Once again united disrespect the famous old trophy.
And he’s the best holding midfielder they have
Man U 0-0 at home to Burnley after 68 minutes and will play the remainder of the game with 10 men as Ander Herrera picks up a second yellow card.
United been ridden bareback here by Mark Clattenberg. Amusing to watch.
This Heaton chap has been very impressive in the goal for Burnley. So far.
Cunt* is going to fuck my accum.
*cunts
Man U still the better team with 10 men.
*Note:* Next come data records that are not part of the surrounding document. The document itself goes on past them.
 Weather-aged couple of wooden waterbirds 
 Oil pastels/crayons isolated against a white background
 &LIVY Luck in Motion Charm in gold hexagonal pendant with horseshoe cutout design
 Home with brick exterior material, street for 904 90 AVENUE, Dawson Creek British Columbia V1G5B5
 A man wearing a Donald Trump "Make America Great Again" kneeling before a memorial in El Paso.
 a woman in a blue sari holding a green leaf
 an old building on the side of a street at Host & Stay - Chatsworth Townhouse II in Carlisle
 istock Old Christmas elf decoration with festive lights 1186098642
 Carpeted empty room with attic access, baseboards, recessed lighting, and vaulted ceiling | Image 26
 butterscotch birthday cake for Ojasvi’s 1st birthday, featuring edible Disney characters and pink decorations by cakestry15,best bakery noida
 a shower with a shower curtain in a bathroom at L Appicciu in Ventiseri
I wouldn’t give up on that accumulator just yet.
This is class.
In less than a minute:
Some Burnley player hoofs the ball into the back of the stand behind the goal attemping to cross it.
Fellaini places a simple 8 yard pass 5 yards behind its intended recipient.
Zlatan makes a a simple 5 yard pass to a Burnley player.
Best league in the world.
Utd need a goal, take off Rashford for Depay.
Soccer isn’t all that great when all said and done .
You are looking at 7 -v- 14. A strange choice of live game.
I’d expect the football to be of a much higher quality at Selhurst Park in the late kick off, with one of the real title contender heavyweights in action.
There’s a lad playing football for Burnley who can’t kick the football. Arfield is his name.
Malcolm Allison said in the early nineties that most professionals in Britian can’t kick a ball properly.
Lanky Swedish cunt misses a sitter.
Zlataaaan…
Rooney
0-0
Full-time:
Manchester United Nil Nil Burnley Nil.
A fine point for 10 man Manchester United.
Welcome to the big league Zlatan.
6 points from 21 for Man U in their last 7 league games.
Next up a trip to South Wales, a fixture Swansea have won in the last two seasons.